I still don't get why people feel the need to discount the officials' role from the game. Of course there are other factors and moments that affect a game, and sometimes might very well decide a game, but the game is about momentum and how it swings, and the officials have plenty of say in this, as much as the players on some occasions, not all occasions. I find it striking that people all over RL will happily point to something a player does well, or something they do badly, and hold this up the a/the game changing moment. But if this moment is off the back of a referee's bad call they don't see this as relevant - oh but what about the other 79 minutes, etc
The point is there are a lot of variables in the game and many are down to what the players do but some, such as the decisions of the officials are simply something that the players cannot legislate for.

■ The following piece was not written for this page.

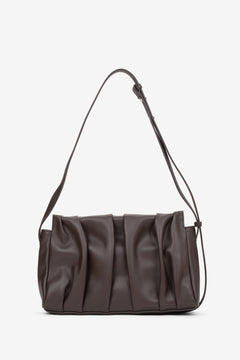 Rückansicht der dunkelbraunen Damen-Crossbody-Tasche aus Echtleder mit vertikalen Raffungen von Estro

But just because of that doesn't mean we the fans, the players, the coaching staff and the media shouldn't call them on it. if it was a lousy call and led to a try then that is the narrative - not just that the defence wasn't up to it. Players do need to respond to bad calls, they are obliged to, BUT they cannot always be expected to every time. RL defences are reactive and attack will trump defence so sometimes they may ensure the bad call doesn't cost points but when they don't, let's not ignore a major factor in that score was that it was a bad call. If that call was at a crucial time, or a deciding score then it's a major fact in the result.
In this game the decisions looked decidedly ropey and one sided. Usually players and coaches don't mention the referee after the game, this time they did. There were numerous instances where similar calls went different ways. I'm not suggesting deliberate bias or anything, but we were playing pretty well and the 14:5 penalty count and various other calls (e.g. 40:20), in my opinion, in this case, explains the scoreline far more than any other factor.